Kaimarra Product Line · In Production
BioVeris

Performs Like Plastic.
Biodegrades Like Paper.

BioVeris is a drop-in biodegradable composite resin for real plastic parts. Patented chemistry turns natural fillers into structural reinforcement — so the same material that delivers plastic-grade performance in use also fully biodegrades at end of life, on a predictable timeline, in real-world soil and home-compost conditions.

ISO 14855 Screening Data
Commercially Validated
Drop-In Compatible
US Patent 12,163,004 B2
BioVeris biodegradable horticulture pots
The Problem

The biodegradable plastics market has carried four unsolved problems for thirty years.

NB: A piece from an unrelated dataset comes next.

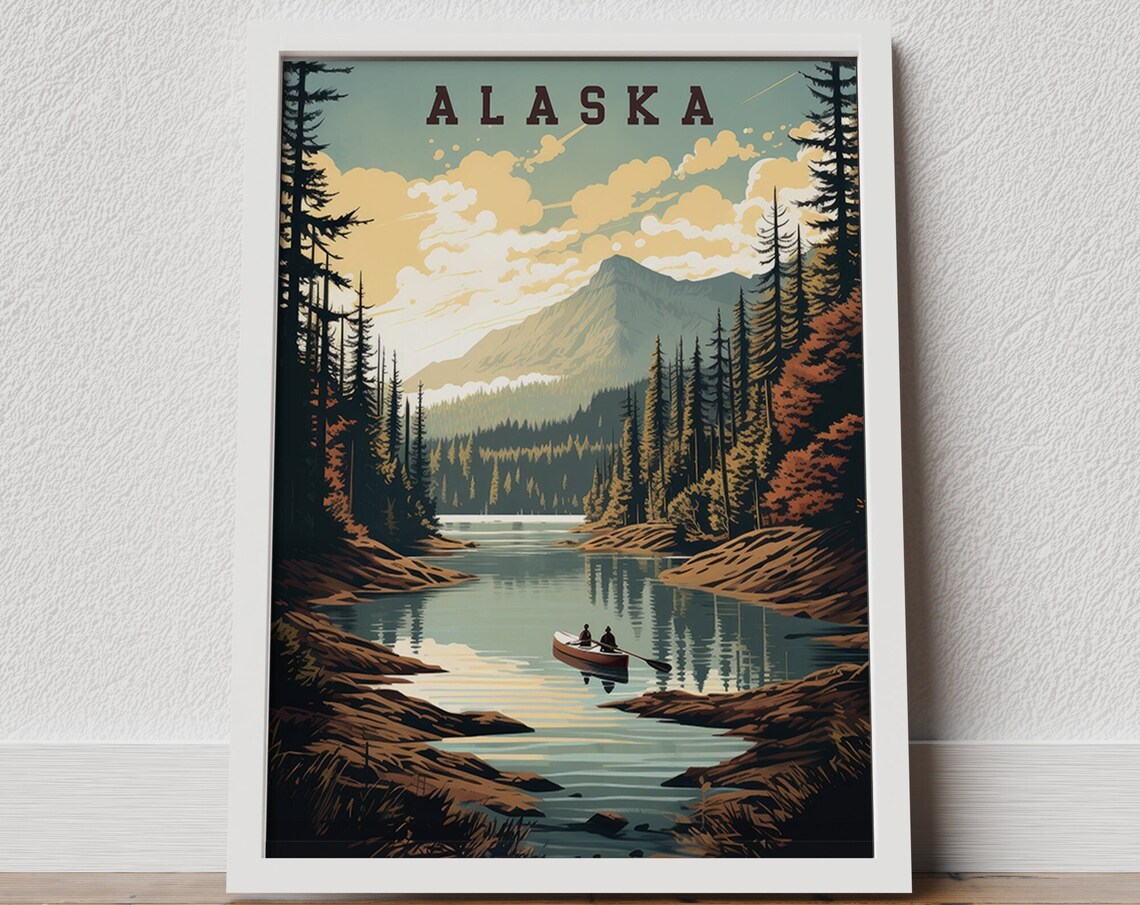 Alaska Retro Travel Poster with Canoe Mountain Lake Pine Forest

No one has solved all four at once. The problems are interlocking — fixing one usually breaks another. BioVeris addresses all four simultaneously.

Problem 01
Materials that biodegrade reliably fail mechanically — or thermally.
Whether the failure mode is a high-filler composite, a virgin biopolyester, or a molded fiber pot, the outcome is the same: parts that can't hold up in the real world. Push for biodegradation by removing polymer matrix and adding bioavailable filler — the part goes brittle. Reach for a virgin biodegradable polyester instead and many fail out of the box on either mechanical properties or heat resistance — often both. Molded fiber and pulp pots biodegrade but can't survive automated handling. Starch blends only get past their typical loading ceiling using expensive non-biodegradable compatibilizers, which defeats the purpose.
Brittleness · heat sensitivity · line-handling fragility
Problem 02
Materials with adequate strength don't biodegrade.
Polylactic-acid based polyesters soften at 58°C and only compost in industrial facilities most consumers can't access. PHA-class polyesters degrade in soil, but biodegradation slows sharply in thick cross-sections because microbial and oxygen access is surface-limited. Compostable aliphatic-aromatic copolyesters are compost-only — they meet industrial-compost standards but don't reliably biodegrade in real soil or marine environments. Everything billed as "biodegradable" carries an asterisk.
PLA HDT: 58°C · thick-section biodegradation: surface-limited
Problem 03
Whatever does work is too expensive to compete.
Specialty biodegradable resins price at multiples of conventional polyolefins. PHA-class polyesters land at roughly three to four times the cost of commodity PP or PE at production volumes. Certified biodegradable resin businesses have so far depended on regulatory tailwinds — single-use bans, EPR mandates, production incentives — rather than self-sustaining unit economics. Without that policy support the segment doesn't yet stand on its own.
Specialty premium: ~3–4× commodity polyolefins
Problem 04
Biodegradable resins don't process well.
Even when a biodegradable resin makes the strength or biodegradation spec on paper, getting it through a real production line is hard. Many thermally degrade in the extruder, lose yield, and can't be reground or reprocessed without losing properties. Some are so crystalline that finished parts shatter when trimmed. The result is high scrap, short campaigns, and equipment downtime — the operational costs that turn a promising material into a commercial dead end.
Thermal degradation · non-reprocessable · trim-shattering
The Answer · Pillar 01

Real Biodegradation.

BioVeris biodegrades in soil, home compost, and industrial compost — the polymer carbon mineralizes and returns to the natural carbon cycle rather than persisting as microplastic fragments. Independent screening under the ISO 14855 protocol supports the pathway. Formal certification testing is underway across all three.

Pillar 01 / Proof
Screening data indicates full carbon mineralization. No microplastic residue. On a predictable timeline.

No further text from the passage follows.